So General Motors made $1.3 billion in the second quarter of 2010 -- its best performance since 2004, and the first time the company has had two profitable quarters in a row in six years. The news is good enough that CEO Ed Whitacre felt it was the right time to announce he was stepping down, and plans are afoot for an IPO. If all goes well, the U.S. government might end up recouping a hefty portion of its auto-bailout when it starts unloading its 61 percent stake in the firm.
But as Michael Corkery notes in a Wall Street Journal blog post, "Hold the Champagne, GM is not hiring," the news is not as good, at least for Democrats, as the initial headlines indicate. GM may have been saved, but life after bankruptcy is not translating into an aggressive hiring spree.

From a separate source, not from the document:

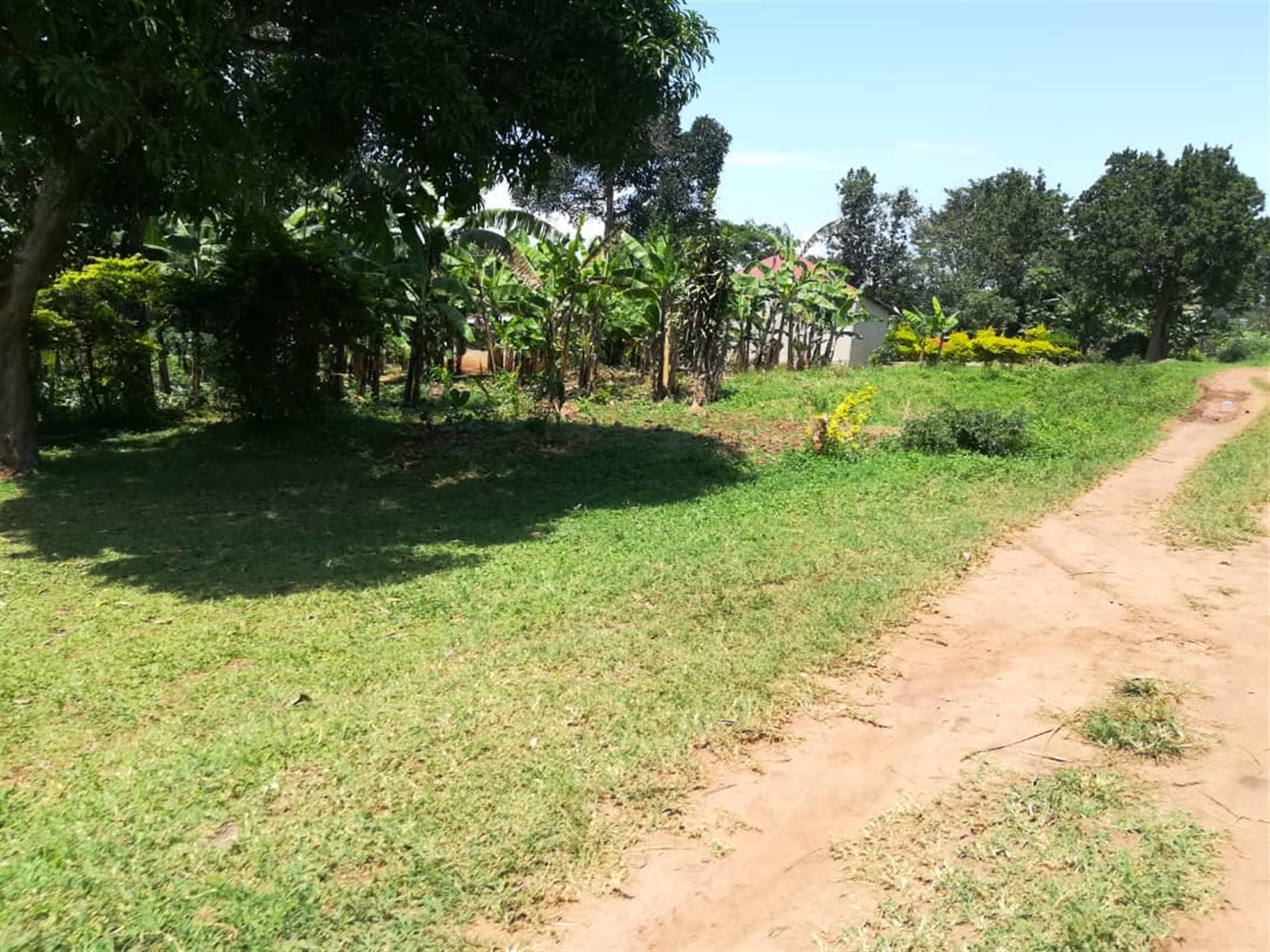 Residential Land for sale in Namuyenje Mukono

According to the automaker's second quarter earnings release this morning, GM added only 2,000 employees to its North American workforce since the start of 2010. Its North American workforce has edged up to 105,000 workers from 103,000 -- an increase of a mere 2,000 additional workers. Its world wide workforce has fallen to 208,000 from 215,000, largely driven by the sale of its India Operations and Saab brand, which was manufactured largely in Europe
On a day when U.S. weekly jobless benefit claims rose again, reaching a six-month high, suggesting that labor market troubles will persist throughout the rest of the year, the GM recovery offers yet another example of how hard it is to tell a good story about the current U.S. economy. It seems obvious that had President Obama allowed GM to fail utterly, without extending any government assistance at all, U.S. unemployment numbers would be even worse and the trickle down impact on Midwestern states even more brutal. But "loaning" $51 billion to GM and ending up with the status quo is a hard thing to boast about. Instead, we get to witness yet another example this year of corporate profits unmatched by wage or employment growth.